An ATV typically includes three or four wheels disposed one behind the other along each side of the vehicle, the axles of which usually are all constrained to move in unison by means of gears and chains. The vehicle is skid-steered.
Typically, an ATV has no suspension in the normal sense. The tires are extremely elastic and provide all the suspension resilience that is needed.
The tires are set to a very low pressure, typically in the region of one sixth of atmospheric pressure. Such tires are very flexible, and the bulge of the tire, where the weight of the ATV rests on it, is very marked. The difference in width between a bulged and an unbulged tire profile can be around 4 cm.
An ATV has an extremely powerful drive capability over most off-road surfaces. Even so, the ATV user sometimes finds it desirable to fit tracks over the wheels to improve the traction when travelling over such surfaces, for example, as wet snow upon hard ice, or just-thawing mud.
Optional add-on tracks are therefore offered by ATV manufacturers for fitting over the tires.

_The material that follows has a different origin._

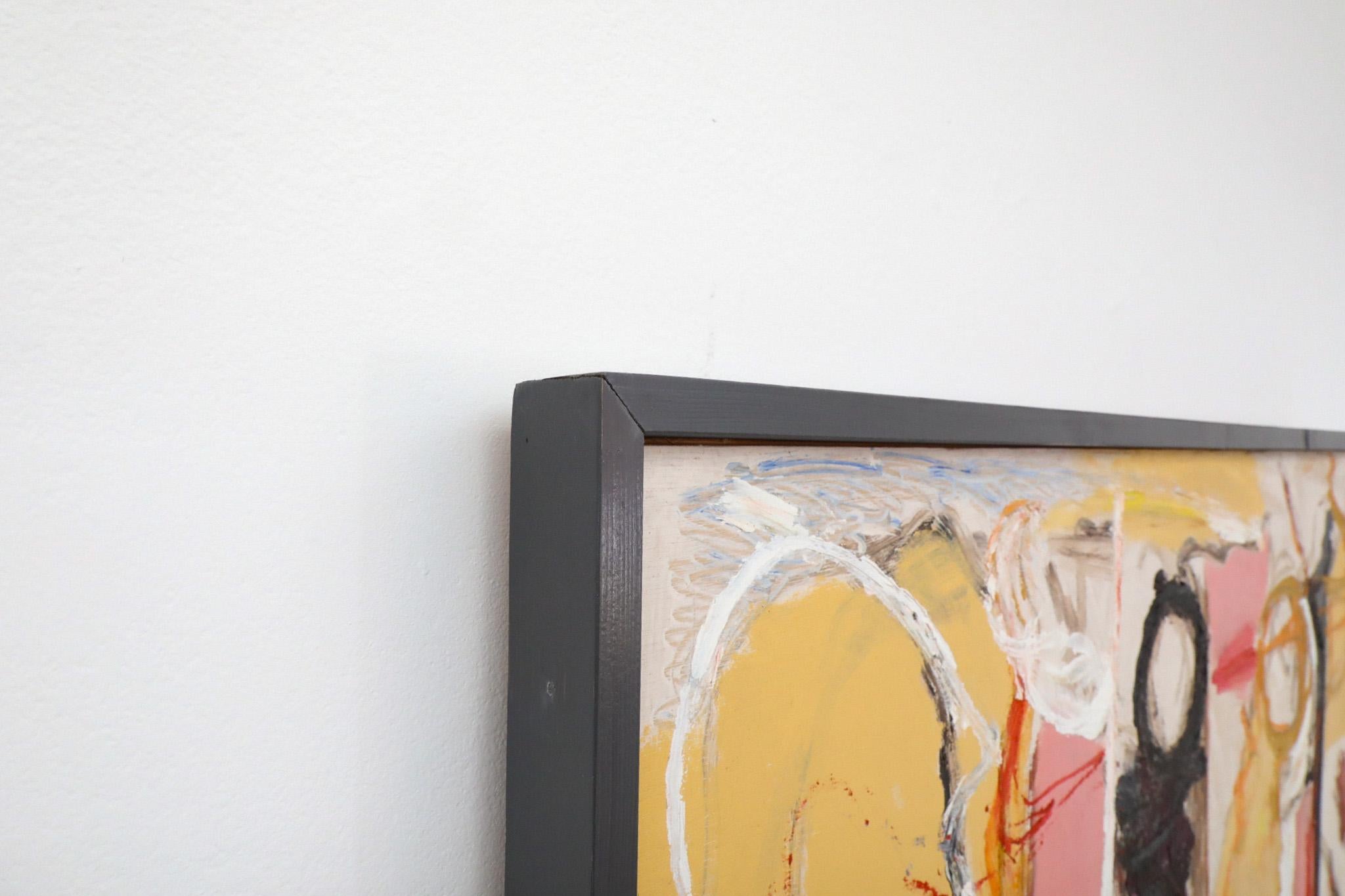 Abstract Acrylic on Wood Painting by Dutch Visual Artist Han Sterk, 1995 For Sale 2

If such a track is allowed to wander sideways with respect to the tires, then it soon happens that the very flexible tires start to climb over the segments of the track, and the track is shed. Experience has shown that if the track has a permitted slack on the wheel of more than a millimetre or two, measured laterally of the track, the track will not stay on.
It has been proposed to locate the segments from the sides of the laden, bulged profile of the tires. The segment is inevitably therefore well clear of the unbulged profile. This is not satisfactory.
In this case, the track being in contact with half the circumference each of the front and back wheels of the ATV, the track is not located laterally until it is right under these wheels.
Those parts of the track not actually under the wheels are in engagement with the unbulged, unloaded profile of the wheel, and are not adequately located laterally. The result is that the tires climb out of the tracks.
To cure the track-shedding problem, manufacturers have found it necessary hitherto to locate the tires from the unbulged profile. This is effective to retain the track on the ATV, but it carries the great disadvantage that the bulge of the tire now has to squeeze through the segments of the track, since the track is adapted to engage the unbulged profile of the tire.
So much engine-power is required to squeeze the tires through the segments that the top-speed of the ATV is reduced, typically, by as much as 50%. And also, the constant manipulation of the loaded part of the tire can lead to early tire failure.